Each line of the records needs to be written out exactly, with any image left out.

DATA RECORDS: Begin

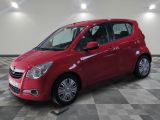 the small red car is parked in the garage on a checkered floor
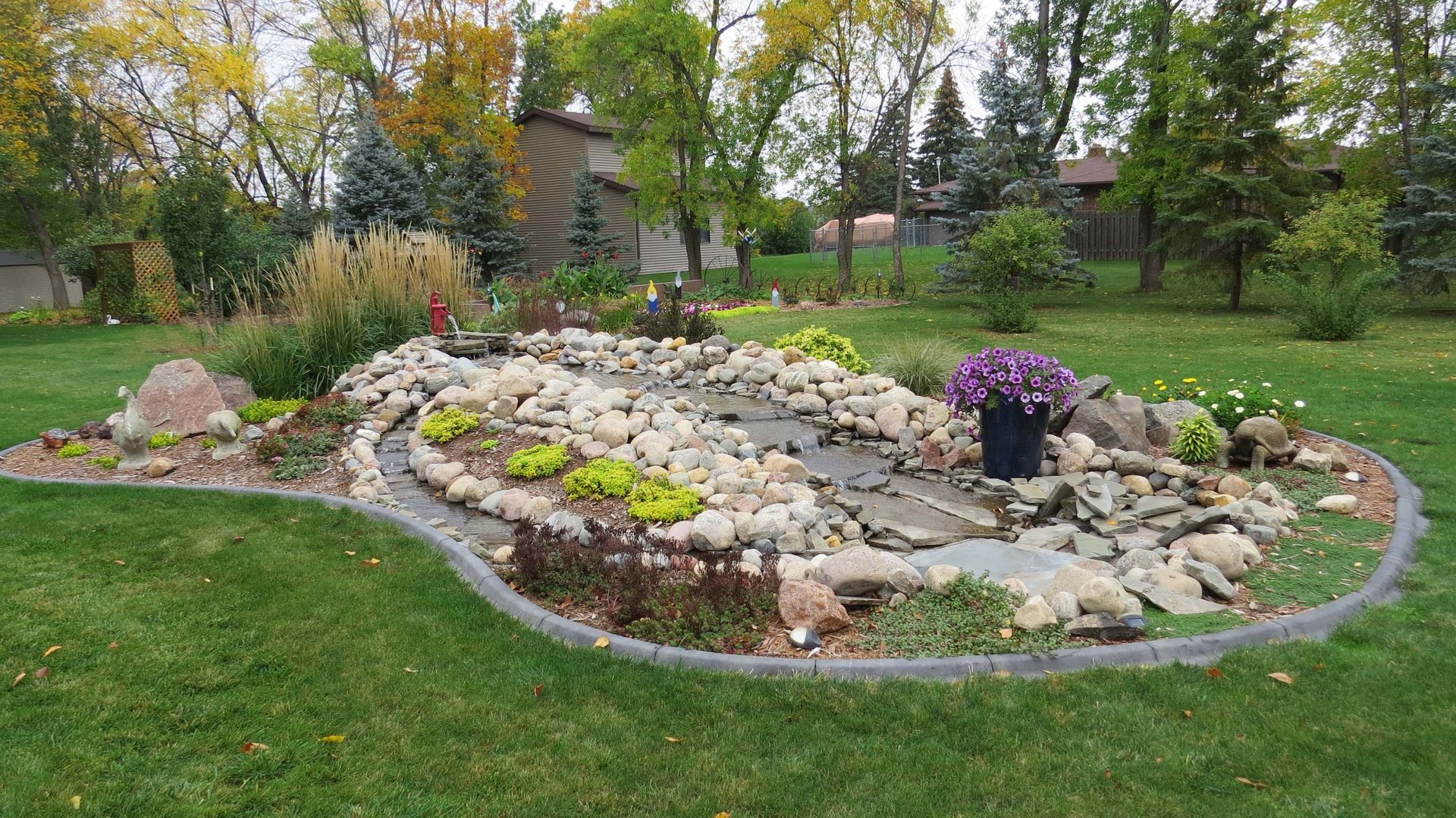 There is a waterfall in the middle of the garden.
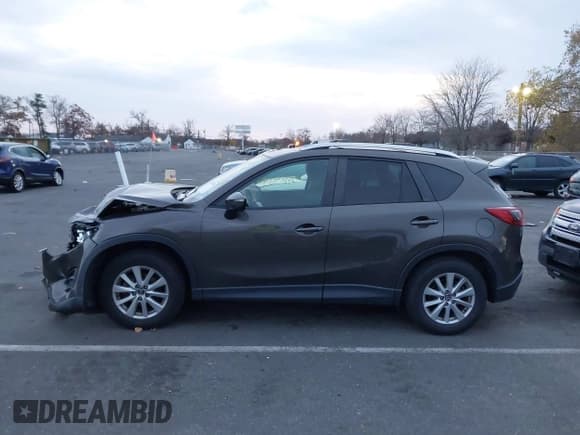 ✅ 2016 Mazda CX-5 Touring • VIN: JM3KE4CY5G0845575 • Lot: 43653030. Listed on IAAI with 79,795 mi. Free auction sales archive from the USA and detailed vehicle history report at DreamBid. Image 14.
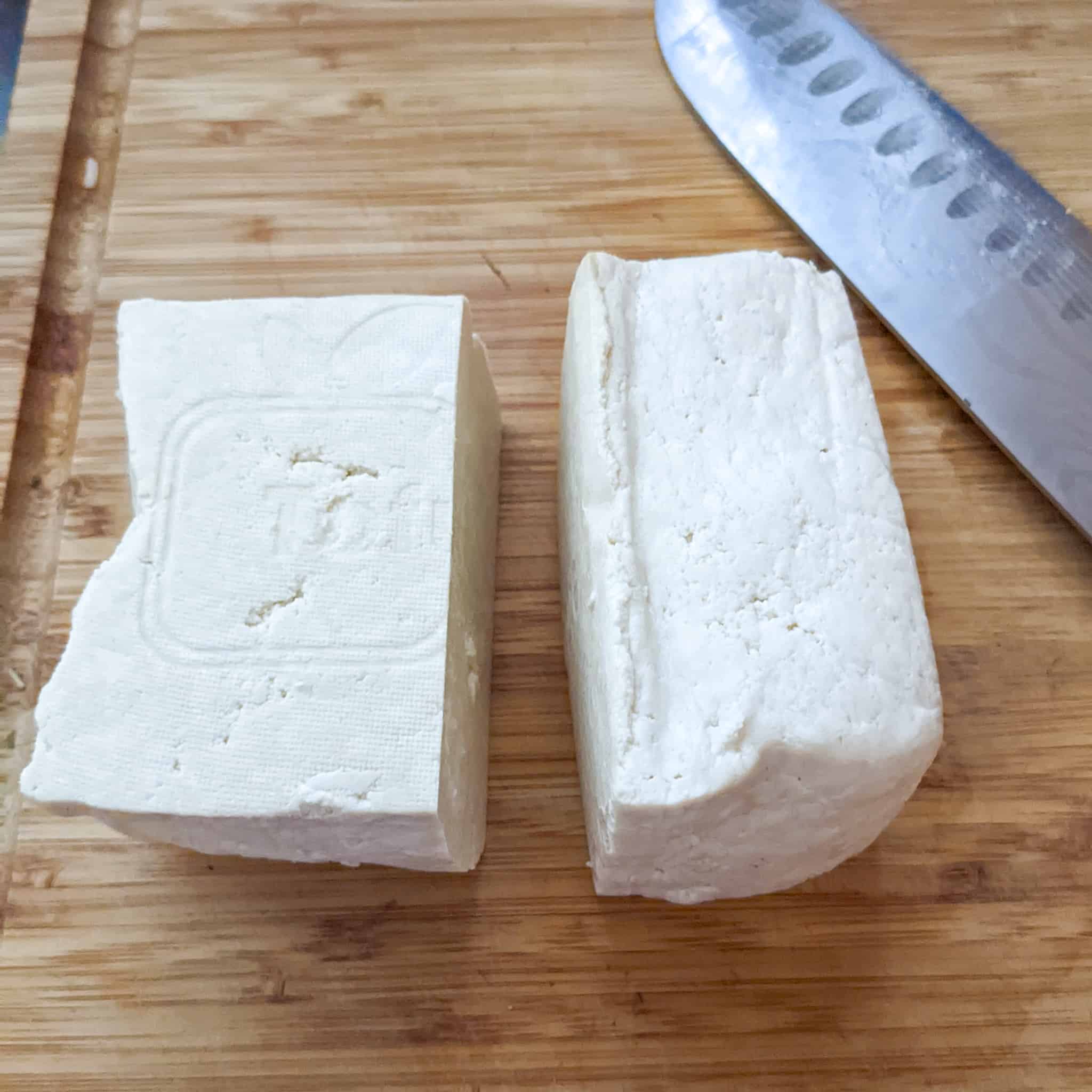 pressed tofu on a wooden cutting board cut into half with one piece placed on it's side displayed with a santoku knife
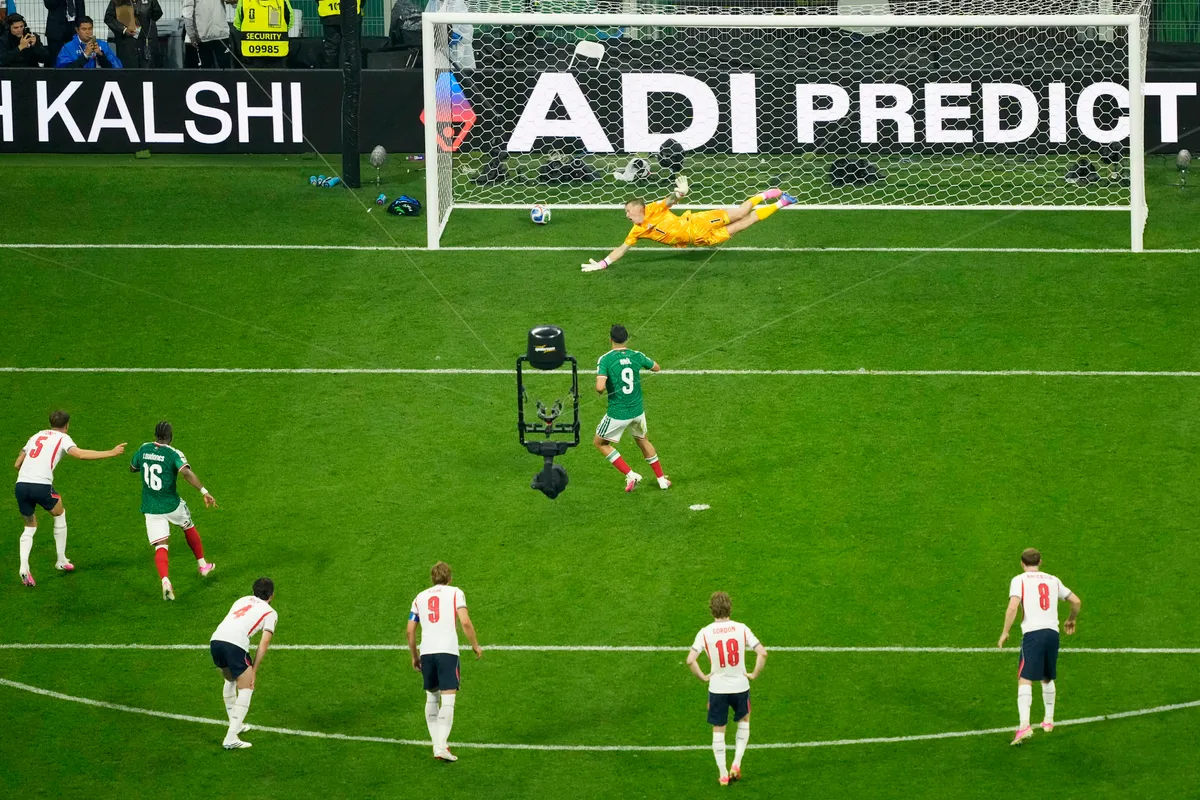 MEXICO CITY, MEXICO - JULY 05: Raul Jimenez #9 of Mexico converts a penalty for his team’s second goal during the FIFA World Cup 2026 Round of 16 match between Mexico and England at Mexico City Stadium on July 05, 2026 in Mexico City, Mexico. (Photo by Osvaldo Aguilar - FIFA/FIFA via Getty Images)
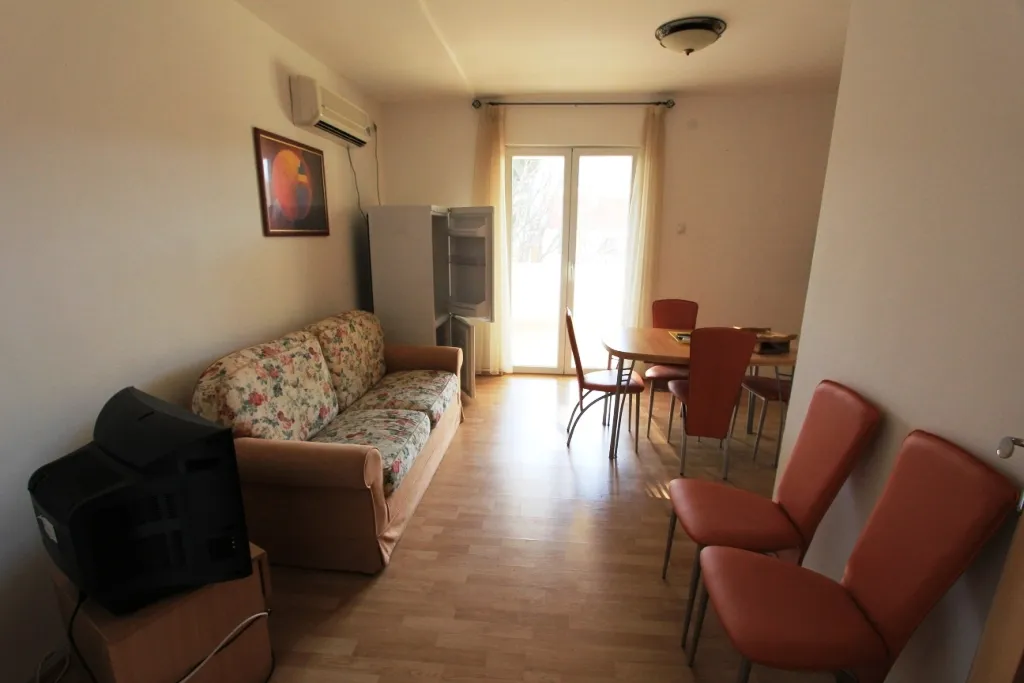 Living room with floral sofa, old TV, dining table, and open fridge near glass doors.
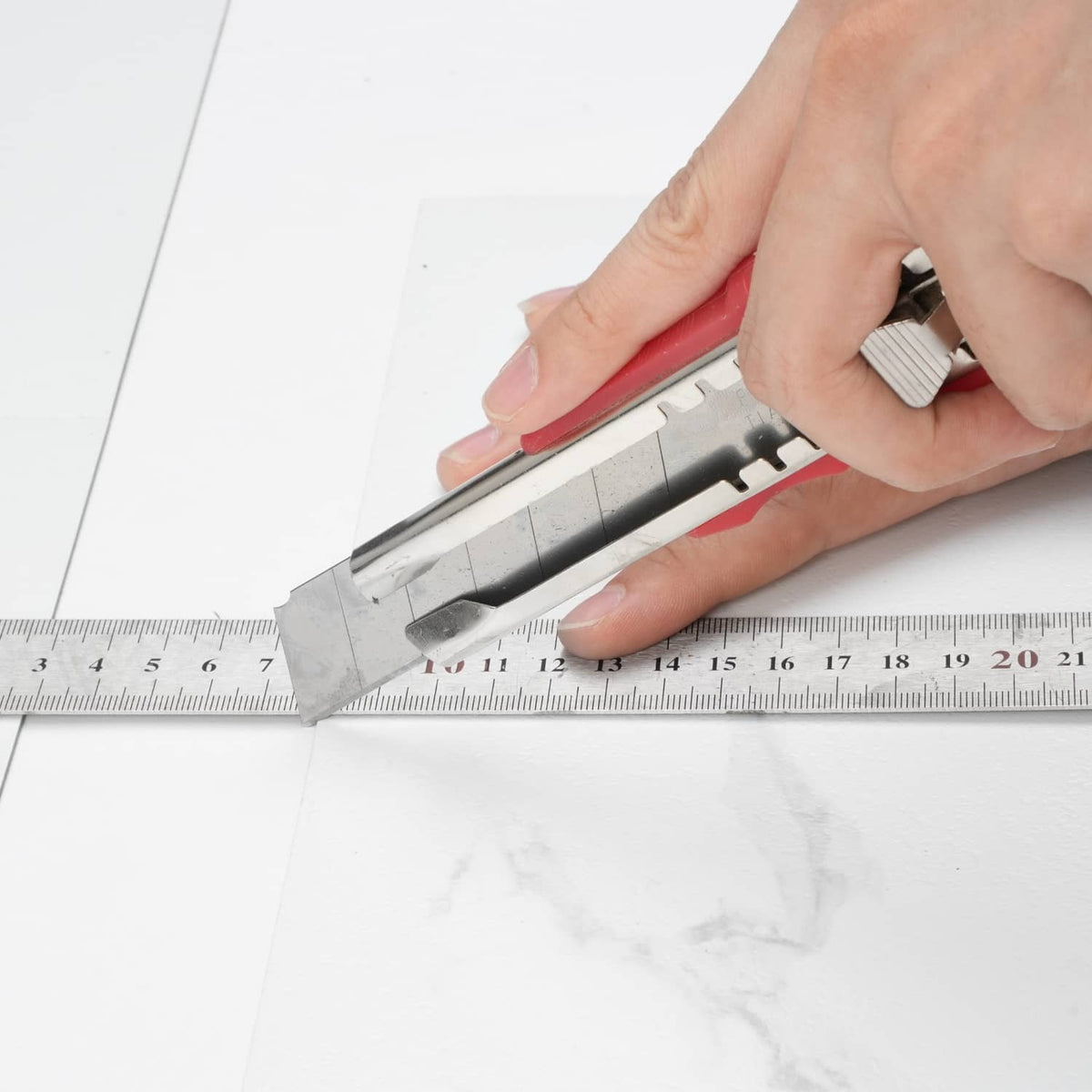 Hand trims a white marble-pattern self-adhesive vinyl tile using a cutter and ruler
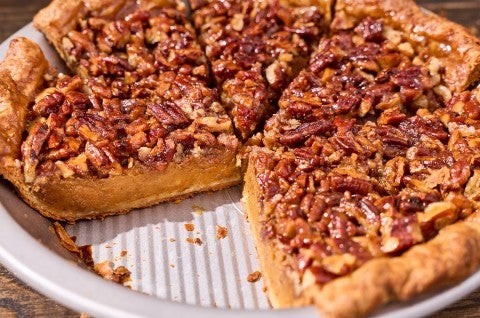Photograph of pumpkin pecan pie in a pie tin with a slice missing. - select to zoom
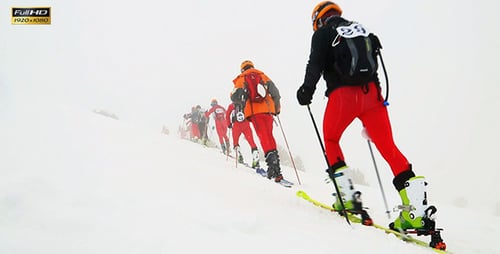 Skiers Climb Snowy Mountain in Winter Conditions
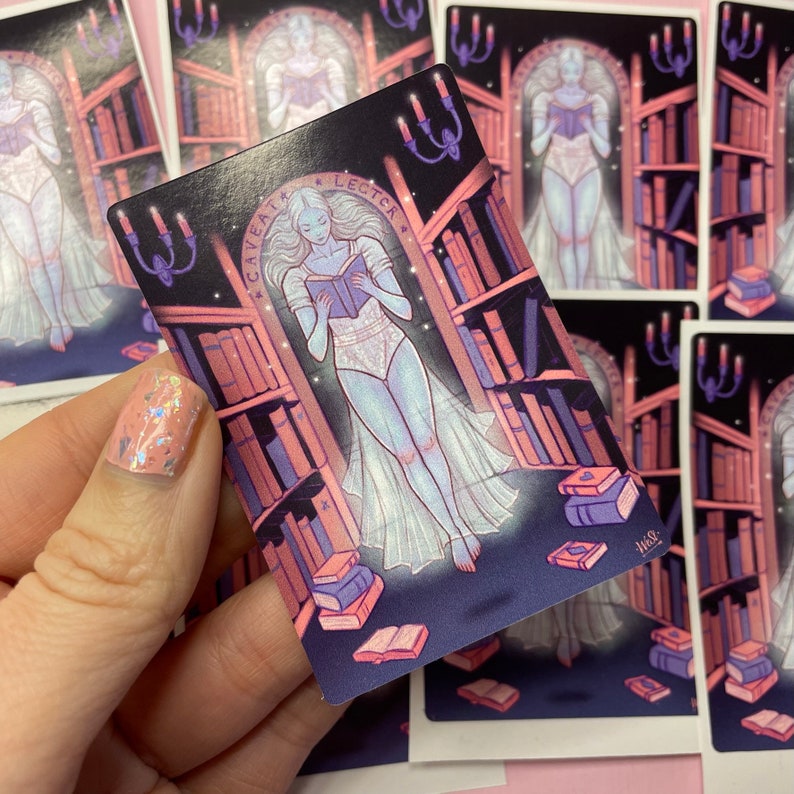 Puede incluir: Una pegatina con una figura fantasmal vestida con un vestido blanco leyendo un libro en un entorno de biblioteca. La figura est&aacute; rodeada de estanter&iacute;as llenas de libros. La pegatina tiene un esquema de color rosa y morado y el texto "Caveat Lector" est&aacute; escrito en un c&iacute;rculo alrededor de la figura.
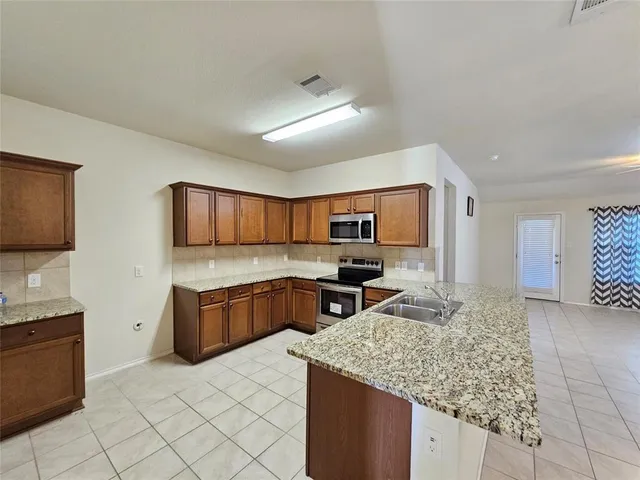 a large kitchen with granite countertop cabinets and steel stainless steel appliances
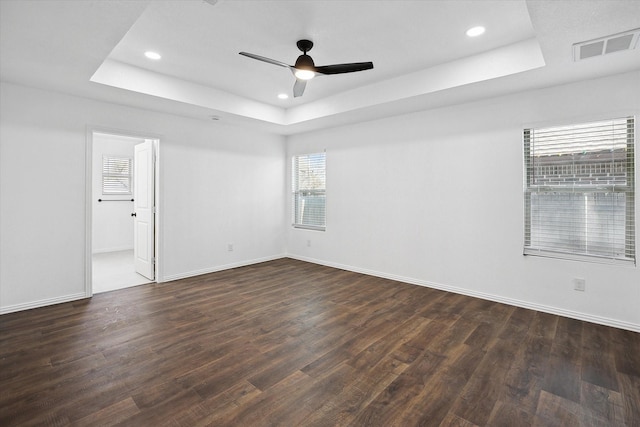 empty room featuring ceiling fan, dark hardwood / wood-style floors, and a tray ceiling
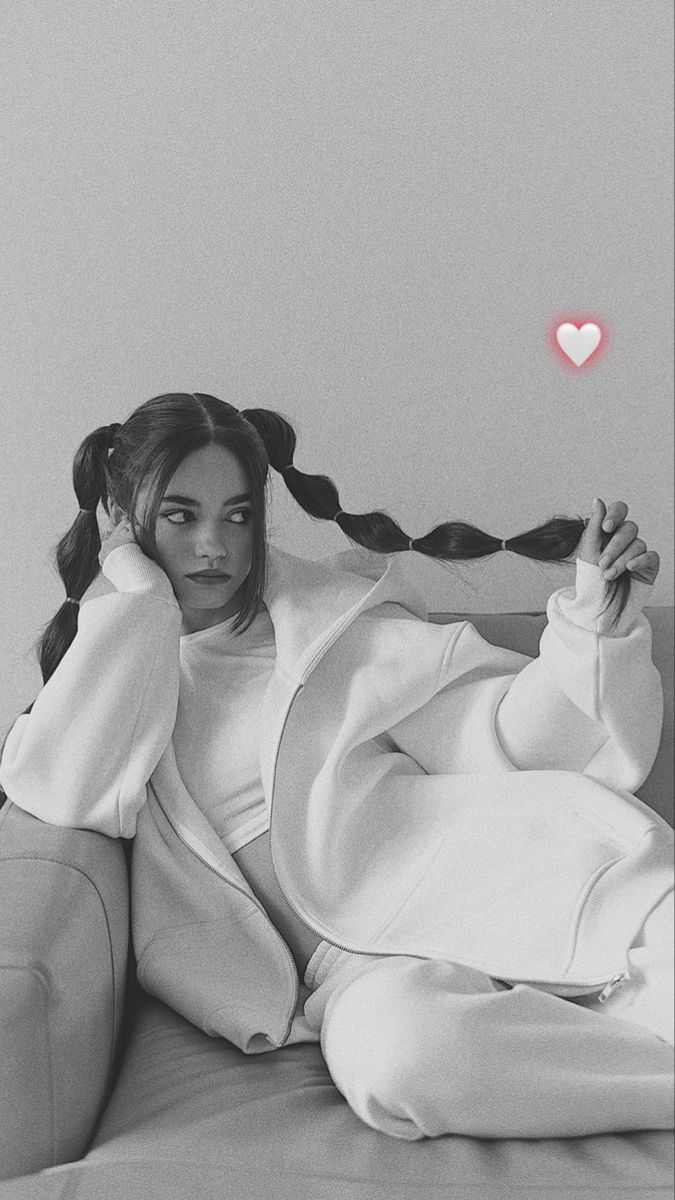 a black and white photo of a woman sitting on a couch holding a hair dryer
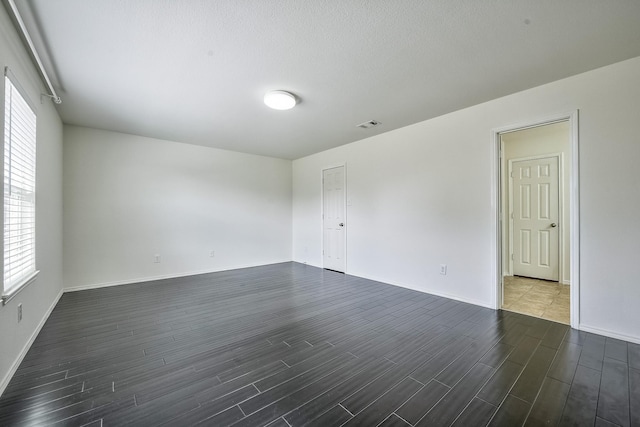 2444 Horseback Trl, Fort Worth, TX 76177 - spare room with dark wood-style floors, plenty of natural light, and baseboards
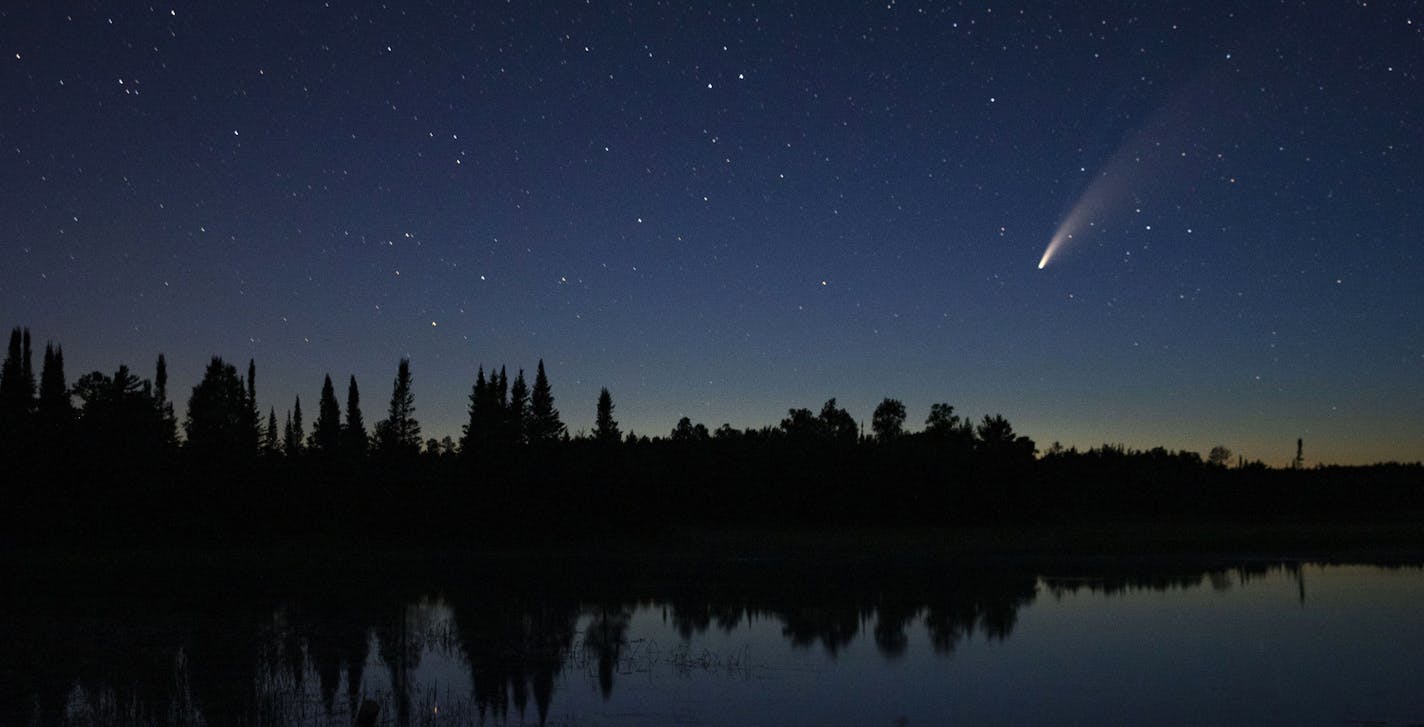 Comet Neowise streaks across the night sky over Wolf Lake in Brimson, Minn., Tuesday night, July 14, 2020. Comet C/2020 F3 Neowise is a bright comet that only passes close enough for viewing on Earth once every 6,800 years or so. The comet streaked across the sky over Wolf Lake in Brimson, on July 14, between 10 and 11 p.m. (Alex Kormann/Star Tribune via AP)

DATA RECORDS: End

OUTPUT FOR THIS EXERCISE ->
 the small red car is parked in the garage on a checkered floor
 There is a waterfall in the middle of the garden.
 ✅ 2016 Mazda CX-5 Touring • VIN: JM3KE4CY5G0845575 • Lot: 43653030. Listed on IAAI with 79,795 mi. Free auction sales archive from the USA and detailed vehicle history report at DreamBid. Image 14.
 pressed tofu on a wooden cutting board cut into half with one piece placed on it's side displayed with a santoku knife
 MEXICO CITY, MEXICO - JULY 05: Raul Jimenez #9 of Mexico converts a penalty for his team’s second goal during the FIFA World Cup 2026 Round of 16 match between Mexico and England at Mexico City Stadium on July 05, 2026 in Mexico City, Mexico. (Photo by Osvaldo Aguilar - FIFA/FIFA via Getty Images)
 Living room with floral sofa, old TV, dining table, and open fridge near glass doors.
 Hand trims a white marble-pattern self-adhesive vinyl tile using a cutter and ruler
Photograph of pumpkin pecan pie in a pie tin with a slice missing. - select to zoom
 Skiers Climb Snowy Mountain in Winter Conditions
 Puede incluir: Una pegatina con una figura fantasmal vestida con un vestido blanco leyendo un libro en un entorno de biblioteca. La figura est&aacute; rodeada de estanter&iacute;as llenas de libros. La pegatina tiene un esquema de color rosa y morado y el texto "Caveat Lector" est&aacute; escrito en un c&iacute;rculo alrededor de la figura.
 a large kitchen with granite countertop cabinets and steel stainless steel appliances
 empty room featuring ceiling fan, dark hardwood / wood-style floors, and a tray ceiling
 a black and white photo of a woman sitting on a couch holding a hair dryer
 2444 Horseback Trl, Fort Worth, TX 76177 - spare room with dark wood-style floors, plenty of natural light, and baseboards
 Comet Neowise streaks across the night sky over Wolf Lake in Brimson, Minn., Tuesday night, July 14, 2020. Comet C/2020 F3 Neowise is a bright comet that only passes close enough for viewing on Earth once every 6,800 years or so. The comet streaked across the sky over Wolf Lake in Brimson, on July 14, between 10 and 11 p.m. (Alex Kormann/Star Tribune via AP)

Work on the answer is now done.